E&E Seminar: Graduate Student Presentations

February 20, 2024

12:30 PM - 1:30 PM


SELE 4289

Join us on Feb. 20, 2024 for presentations from E&E Graduate Students!

Erik Andersson will present "Metabolic activity of symbiotic and aposymbiotic northern star coral (Astrangia poculata) and their microbial communities"
Abstract: The temperate coral Astrangia poculata is a proposed model for studying symbioses in coral, largely due to the facultative relationship with their endosymbiotic algae (family Symbiodiniaceae) under natural conditions. This is in contrast to most tropical corals, which lose their symbionts only under stressful conditions (i.e., bleaching), a confounding factor that can make it difficult to study the role of the endosymbiotic algae in coral biology. Despite mounting evidence that corals also harbor diverse microbiota that contribute towards coral holobiont nutrition, research of the A. poculata microbiome and how it is influenced by the presence / absence of the endosymbiotic algae has been limited. We collected complementary metagenome, transcript, and metabolite data from symbiotic (n=15) and aposymbiotic (n=15) A. poculata collected near Woods Hole, MA in order to further investigate holobiont metabolism and host-microbe interactions in these corals. Here, I highlight NMR- and LC-MS-based untargeted metabolomics data which demonstrate distinct symbiotic and aposymbiotic metabolic profiles
Rosa Mendoza will present "Neural Mechanisms, Social Behavior, and Auditory Processing"

Abstract: Auditory processing is an essential part of the lives of humans and other animals, enabling communication between individuals.

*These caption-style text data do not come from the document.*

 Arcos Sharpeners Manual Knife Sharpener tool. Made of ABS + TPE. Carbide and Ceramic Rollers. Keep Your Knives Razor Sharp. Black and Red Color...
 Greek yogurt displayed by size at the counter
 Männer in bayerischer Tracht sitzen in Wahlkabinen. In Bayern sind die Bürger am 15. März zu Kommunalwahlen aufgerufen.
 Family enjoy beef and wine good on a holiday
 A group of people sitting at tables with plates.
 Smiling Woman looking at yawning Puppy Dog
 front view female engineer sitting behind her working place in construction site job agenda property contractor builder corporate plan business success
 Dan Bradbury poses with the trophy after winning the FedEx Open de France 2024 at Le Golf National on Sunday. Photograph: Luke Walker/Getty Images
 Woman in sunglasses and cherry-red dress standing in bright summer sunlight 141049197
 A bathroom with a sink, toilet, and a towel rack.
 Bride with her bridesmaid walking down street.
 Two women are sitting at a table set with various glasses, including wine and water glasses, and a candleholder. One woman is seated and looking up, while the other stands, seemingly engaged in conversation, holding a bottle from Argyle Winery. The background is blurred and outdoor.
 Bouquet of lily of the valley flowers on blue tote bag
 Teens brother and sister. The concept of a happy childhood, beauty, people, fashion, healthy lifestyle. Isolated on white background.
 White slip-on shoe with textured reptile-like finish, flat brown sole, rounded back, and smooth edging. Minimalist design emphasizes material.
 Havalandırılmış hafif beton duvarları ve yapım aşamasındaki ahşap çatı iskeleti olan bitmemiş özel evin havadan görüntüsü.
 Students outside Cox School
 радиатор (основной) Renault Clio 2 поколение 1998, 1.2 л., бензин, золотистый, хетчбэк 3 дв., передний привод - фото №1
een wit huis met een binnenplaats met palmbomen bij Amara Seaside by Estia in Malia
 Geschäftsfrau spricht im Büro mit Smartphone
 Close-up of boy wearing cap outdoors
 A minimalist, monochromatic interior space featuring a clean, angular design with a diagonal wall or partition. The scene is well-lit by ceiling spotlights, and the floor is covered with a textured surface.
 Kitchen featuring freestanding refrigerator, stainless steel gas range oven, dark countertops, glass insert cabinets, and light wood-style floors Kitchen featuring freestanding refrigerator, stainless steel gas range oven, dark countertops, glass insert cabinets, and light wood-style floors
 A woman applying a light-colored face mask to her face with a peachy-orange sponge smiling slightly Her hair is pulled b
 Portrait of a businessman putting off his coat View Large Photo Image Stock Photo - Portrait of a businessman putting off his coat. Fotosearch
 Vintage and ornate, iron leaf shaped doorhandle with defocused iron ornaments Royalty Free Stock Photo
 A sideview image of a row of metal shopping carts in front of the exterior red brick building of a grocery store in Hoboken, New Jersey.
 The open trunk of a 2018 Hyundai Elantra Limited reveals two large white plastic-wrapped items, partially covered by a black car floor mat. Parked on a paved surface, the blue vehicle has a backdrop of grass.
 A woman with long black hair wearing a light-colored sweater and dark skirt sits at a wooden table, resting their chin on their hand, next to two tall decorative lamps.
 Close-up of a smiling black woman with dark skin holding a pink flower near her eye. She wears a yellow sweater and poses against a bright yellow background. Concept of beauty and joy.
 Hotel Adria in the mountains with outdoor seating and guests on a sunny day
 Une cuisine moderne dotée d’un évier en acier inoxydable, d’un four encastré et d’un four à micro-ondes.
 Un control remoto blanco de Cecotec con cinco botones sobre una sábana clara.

Bats enable us to understand auditory processing because they are social animals with well-developed audio-vocal systems that they use to navigate and communicate. This study focuses on the connectivity between the amygdala, an emotive processing center, and the auditory pathway in the bat Carollia perspicillata that could provide a structural basis for investigating the emotive modulation of auditory processing. These long-range connections between the IC and the amygdala have been previously described in two other bat species. To date, these connections seem absent in rodents and it is unknown whether they exist in other mammals or if it could be, as speculated, an adaptation for echolocating bats.   Furthermore, here we present ultrastructure data from the IC and auditory cortex of the bat Rousettus aegypticus. Studying the ultrastructure of the auditory pathway and these circuit connections in different species of mammalian brains will allow us to understand social behavior and contextual modulation of auditory perception.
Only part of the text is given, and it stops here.